I even feel weirdly enthusiastic about building new decks and playing with these cards than I ever have with a fancy VSTAR or rainbow foil. With the game’s community so dead-set on tracking value and sequestering your cards away for decades in humidity-controlled vaults, it’s nice to have a product that is just good, wholesome, playable cards that I don’t need to worry about damaging. Even the most decadent of cards here would just be the meat of your deck that surrounds a pricier Palkia VMAX or Kyurem VSTAR.

Trick or Trade isn’t going to spark a big paradigm shift in how collectors look at Pokemon; and the fact that you can still easily buy bags of it online shows the speculators don’t care. After all, there’s no Charizard VSTARMAXSPACEYSPACE in it to stick in a toploader and flip, so they’re likely not even going to give it a second look. The most valuable card is worth around 12 cents, or, to some cynical TCG financial types, not worth the card stock it’s printed on.

For someone like me who is utterly worn out by the endless squabbling over how much a card will sell on CardMarket, on the other hand, Trick or Trade is a point of calm in a hurricane of speculation and scalping.

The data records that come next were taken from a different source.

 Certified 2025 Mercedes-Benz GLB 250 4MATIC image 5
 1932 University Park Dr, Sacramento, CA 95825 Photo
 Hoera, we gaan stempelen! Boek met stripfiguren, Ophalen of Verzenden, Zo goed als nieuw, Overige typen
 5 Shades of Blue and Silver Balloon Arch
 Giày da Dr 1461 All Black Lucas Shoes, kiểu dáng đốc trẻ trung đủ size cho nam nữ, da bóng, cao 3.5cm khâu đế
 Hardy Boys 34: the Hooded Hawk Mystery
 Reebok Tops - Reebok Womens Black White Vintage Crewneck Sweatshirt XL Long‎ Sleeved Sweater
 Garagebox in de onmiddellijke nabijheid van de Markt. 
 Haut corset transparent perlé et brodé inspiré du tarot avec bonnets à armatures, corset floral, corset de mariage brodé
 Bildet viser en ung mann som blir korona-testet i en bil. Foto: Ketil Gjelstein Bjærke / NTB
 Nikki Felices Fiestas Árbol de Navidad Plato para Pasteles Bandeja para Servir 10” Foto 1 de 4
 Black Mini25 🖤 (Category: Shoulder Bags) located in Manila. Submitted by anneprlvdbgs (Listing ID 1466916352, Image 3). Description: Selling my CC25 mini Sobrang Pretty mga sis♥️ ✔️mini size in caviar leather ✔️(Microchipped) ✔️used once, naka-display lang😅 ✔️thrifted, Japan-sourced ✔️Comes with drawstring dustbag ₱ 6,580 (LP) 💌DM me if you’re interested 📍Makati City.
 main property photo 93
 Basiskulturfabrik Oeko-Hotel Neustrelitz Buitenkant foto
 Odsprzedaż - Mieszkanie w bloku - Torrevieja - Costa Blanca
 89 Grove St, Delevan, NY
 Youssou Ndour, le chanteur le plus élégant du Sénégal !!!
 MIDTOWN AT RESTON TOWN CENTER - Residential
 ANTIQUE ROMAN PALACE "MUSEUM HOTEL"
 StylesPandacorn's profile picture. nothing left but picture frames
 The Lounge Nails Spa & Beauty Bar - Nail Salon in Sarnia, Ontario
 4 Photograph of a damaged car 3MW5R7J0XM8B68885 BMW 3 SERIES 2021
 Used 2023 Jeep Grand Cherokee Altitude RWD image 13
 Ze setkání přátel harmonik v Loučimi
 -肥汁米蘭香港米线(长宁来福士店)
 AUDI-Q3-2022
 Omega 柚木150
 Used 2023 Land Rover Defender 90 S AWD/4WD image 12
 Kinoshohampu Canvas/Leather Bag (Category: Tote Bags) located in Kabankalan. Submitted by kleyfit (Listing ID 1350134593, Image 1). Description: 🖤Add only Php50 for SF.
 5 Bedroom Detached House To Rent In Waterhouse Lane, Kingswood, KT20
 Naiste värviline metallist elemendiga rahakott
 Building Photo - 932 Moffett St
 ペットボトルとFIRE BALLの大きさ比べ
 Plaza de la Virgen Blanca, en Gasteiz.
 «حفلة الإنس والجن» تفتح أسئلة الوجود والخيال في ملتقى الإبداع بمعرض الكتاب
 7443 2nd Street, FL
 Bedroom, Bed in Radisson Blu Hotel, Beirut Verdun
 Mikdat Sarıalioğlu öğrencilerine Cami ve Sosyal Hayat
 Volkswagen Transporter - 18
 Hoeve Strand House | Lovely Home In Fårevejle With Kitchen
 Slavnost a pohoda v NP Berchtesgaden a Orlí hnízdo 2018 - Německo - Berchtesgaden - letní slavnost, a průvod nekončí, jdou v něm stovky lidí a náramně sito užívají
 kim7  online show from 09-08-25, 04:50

It helps bring into focus the fact that the Pokemon TCG isn’t just popular because the cards are valuable. It’s popular because it’s still exciting to pull an unassuming Litwick if the art is nice enough and the card seems fun to throw into a deck – and if you can sell an almost-30, heavily jaded arse like me on anything less than a golden secret rare, imagine how that kid trick or treating is going to feel.